I think a usual workaround is to declare the contraints INITIALLY
DEFERRED. This will delay the check until commit time, so the time
window to deadlock is smaller. There still is a possibility though, so
you need to take it into account. It occurs to me that if you control
all insertion threads, you could try to serialize access to COMMIT in
order to make the chance of deadlock even smaller.

--
Alvaro Herrera (<alvherre[@]dcc.uchile.cl>)
"Industry suffers from the managerial dogma that for the sake of stability
and continuity, the company should be independent of the competence of
individual employees." (E. Dijkstra)

#7Qingqing Zhou
zhouqq@cs.toronto.edu
In reply to: Guy Rouillier (#1)
Re: Debugging deadlocks

"Stephan Szabo" <sszabo@megazone.bigpanda.com> writes

Well, that's not the foreign key necessarily. I don't have a machine to
test on at the moment (machine currently dead), but I think the same
happens without a foreign key constraint due to the unique/primary key
constraint on a.i.

I see. That's more reasonable - the executor will first wait to see if the
constraint on itself satifies, then do the RI check.

Thanks,
Qingqing

#8Martijn van Oosterhout
kleptog@svana.org
In reply to: Guy Rouillier (#5)
Re: Debugging deadlocks

On Sun, Mar 27, 2005 at 06:02:25PM -0600, Guy Rouillier wrote:

With the current implementation, it appears I need to either (1) always
commit after every inserted row, or (2) single thread my entire insert
logic. Neither of these two alternatives is very desirable. And it is
only a partial fix (which will work in my case since I'm the only one
updating this database.) In the general case though, where other
programmers may be writing code that I may not even know about to update
parts of this database, avoiding this type of deadlock becomes very
difficult. It pretty much requires that everyone know what everyone
else is doing.

The other possibility is to sort the rows on the foreign key as they
are inserted. Then the locks will always be taken in the same order and
hence can never deadlock.

Hope this helps,
--
Martijn van Oosterhout <kleptog@svana.org> http://svana.org/kleptog/

Show quoted text

Patent. n. Genius is 5% inspiration and 95% perspiration. A patent is a
tool for doing 5% of the work and then sitting around waiting for someone
else to do the other 95% so you can sue them.

#9Guy Rouillier
guyr@masergy.com
In reply to: Martijn van Oosterhout (#8)
Re: Debugging deadlocks

Alvaro Herrera wrote:

On Sun, Mar 27, 2005 at 06:02:25PM -0600, Guy Rouillier wrote:

With the current implementation, it appears I need to either (1)
always commit after every inserted row, or (2) single thread my
entire insert logic. Neither of these two alternatives is very
desirable.

I think a usual workaround is to declare the contraints INITIALLY
DEFERRED. This will delay the check until commit time, so the time
window to deadlock is smaller. There still is a possibility though,
so you need to take it into account. It occurs to me that if you
control all insertion threads, you could try to serialize access to
COMMIT in order to make the chance of deadlock even smaller.

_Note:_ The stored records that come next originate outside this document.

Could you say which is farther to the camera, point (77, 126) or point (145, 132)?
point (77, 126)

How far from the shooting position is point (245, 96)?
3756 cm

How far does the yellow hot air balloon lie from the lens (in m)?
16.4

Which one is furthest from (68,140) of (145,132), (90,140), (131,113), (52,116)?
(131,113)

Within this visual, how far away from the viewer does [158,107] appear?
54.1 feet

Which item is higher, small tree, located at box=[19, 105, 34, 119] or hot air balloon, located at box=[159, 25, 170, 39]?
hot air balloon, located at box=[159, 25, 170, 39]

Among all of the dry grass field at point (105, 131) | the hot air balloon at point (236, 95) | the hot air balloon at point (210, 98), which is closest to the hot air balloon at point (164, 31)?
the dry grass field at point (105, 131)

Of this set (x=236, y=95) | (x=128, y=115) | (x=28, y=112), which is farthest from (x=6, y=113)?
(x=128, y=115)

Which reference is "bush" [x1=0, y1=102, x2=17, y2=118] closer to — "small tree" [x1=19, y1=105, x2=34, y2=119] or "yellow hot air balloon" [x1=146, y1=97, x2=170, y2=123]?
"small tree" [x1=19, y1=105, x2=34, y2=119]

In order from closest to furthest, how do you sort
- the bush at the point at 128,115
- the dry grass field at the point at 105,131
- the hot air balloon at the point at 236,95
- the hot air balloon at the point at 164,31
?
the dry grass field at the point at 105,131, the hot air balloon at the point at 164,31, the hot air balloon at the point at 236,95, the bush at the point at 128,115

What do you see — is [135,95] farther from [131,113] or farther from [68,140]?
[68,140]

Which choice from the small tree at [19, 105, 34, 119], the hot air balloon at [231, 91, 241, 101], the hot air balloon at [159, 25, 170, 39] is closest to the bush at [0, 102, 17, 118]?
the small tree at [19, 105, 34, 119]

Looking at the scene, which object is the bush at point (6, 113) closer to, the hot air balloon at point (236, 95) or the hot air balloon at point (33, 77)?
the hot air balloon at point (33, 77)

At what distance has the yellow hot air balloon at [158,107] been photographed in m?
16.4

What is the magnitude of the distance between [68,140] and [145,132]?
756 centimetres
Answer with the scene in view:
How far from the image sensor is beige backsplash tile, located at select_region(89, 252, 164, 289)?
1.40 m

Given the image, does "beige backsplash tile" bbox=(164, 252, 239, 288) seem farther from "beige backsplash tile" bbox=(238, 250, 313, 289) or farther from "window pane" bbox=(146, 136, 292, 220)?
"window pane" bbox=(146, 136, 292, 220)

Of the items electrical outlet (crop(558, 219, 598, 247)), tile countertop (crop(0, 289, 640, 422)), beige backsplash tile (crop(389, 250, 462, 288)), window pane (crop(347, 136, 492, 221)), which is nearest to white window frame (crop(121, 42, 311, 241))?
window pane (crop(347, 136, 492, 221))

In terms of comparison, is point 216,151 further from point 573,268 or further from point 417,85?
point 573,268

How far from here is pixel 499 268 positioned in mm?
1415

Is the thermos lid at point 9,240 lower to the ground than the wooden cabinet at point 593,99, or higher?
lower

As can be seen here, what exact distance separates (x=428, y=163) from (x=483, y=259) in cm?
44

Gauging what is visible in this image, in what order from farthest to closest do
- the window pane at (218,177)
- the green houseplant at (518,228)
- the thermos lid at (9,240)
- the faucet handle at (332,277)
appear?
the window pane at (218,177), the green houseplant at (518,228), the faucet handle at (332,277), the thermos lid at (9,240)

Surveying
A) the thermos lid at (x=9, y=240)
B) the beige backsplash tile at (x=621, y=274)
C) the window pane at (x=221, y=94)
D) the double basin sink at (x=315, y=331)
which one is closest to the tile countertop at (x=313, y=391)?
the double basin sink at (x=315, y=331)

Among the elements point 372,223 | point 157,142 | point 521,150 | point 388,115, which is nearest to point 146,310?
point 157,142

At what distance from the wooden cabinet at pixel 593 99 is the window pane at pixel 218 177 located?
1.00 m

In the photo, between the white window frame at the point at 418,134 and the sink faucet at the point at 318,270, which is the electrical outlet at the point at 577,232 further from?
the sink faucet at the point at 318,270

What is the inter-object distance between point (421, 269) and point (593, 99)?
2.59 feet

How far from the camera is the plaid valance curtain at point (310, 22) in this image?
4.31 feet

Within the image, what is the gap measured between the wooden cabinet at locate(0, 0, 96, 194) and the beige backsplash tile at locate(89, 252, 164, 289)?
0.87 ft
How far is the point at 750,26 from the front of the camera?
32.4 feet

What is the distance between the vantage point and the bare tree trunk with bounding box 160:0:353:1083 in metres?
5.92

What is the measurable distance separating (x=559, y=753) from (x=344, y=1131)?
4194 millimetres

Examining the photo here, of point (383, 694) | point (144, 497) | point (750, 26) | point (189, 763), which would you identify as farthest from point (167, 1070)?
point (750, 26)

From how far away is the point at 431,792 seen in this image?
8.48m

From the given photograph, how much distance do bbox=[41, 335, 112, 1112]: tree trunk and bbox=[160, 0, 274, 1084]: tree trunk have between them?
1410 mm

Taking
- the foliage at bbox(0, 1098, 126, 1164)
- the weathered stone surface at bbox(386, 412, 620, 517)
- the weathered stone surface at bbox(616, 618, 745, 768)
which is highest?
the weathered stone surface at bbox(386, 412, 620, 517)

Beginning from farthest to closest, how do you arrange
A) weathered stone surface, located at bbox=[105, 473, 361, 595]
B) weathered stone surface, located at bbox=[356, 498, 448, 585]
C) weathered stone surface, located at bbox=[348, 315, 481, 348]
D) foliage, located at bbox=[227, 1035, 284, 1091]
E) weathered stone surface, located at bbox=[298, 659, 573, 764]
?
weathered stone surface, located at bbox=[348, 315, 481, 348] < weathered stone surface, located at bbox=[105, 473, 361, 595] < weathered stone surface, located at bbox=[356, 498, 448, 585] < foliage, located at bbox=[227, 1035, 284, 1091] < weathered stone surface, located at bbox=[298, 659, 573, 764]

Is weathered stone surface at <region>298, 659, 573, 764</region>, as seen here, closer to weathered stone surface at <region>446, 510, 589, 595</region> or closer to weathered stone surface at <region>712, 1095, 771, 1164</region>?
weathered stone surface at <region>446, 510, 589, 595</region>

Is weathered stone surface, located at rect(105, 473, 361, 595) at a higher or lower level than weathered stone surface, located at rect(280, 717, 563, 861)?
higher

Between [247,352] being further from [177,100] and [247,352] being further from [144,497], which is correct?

I changed the definition of the two tables with the common foreign key
to use DEFERRABLE INITIALLY DEFERRED. I'm no longer getting a deadlock,
but I'm getting another error that may just be masking the same problem.
I'd like to understand your caveat about deadlocks still being possible.
To help me understand I'll draw a simplistic timeline. A and B are
transactions on the two different tables:

A !--------------------!
B !------------------!

At the time that A commits, what is the effect on B? B has not yet
attempted to lock any rows in the ref table (the one with the primary
key referenced by the foreign keys.) So as I understand it, B should be
unaffected by A's commit. Correct? Does the deadlock possibility arise
if A and B should try to commit at the same instant?

--
Guy Rouillier

#10Frank Joerdens
frank@joerdens.de
In reply to: Michael Fuhr (#2)
Re: Debugging deadlocks

On Sun, Mar 27, 2005 at 01:37:44AM -0700, Michael Fuhr wrote:
[]

The current implementation supports only
exclusive row-level locks (SELECT FOR UPDATE), but I think Alvaro
might be working on shared row-level locks for a future release.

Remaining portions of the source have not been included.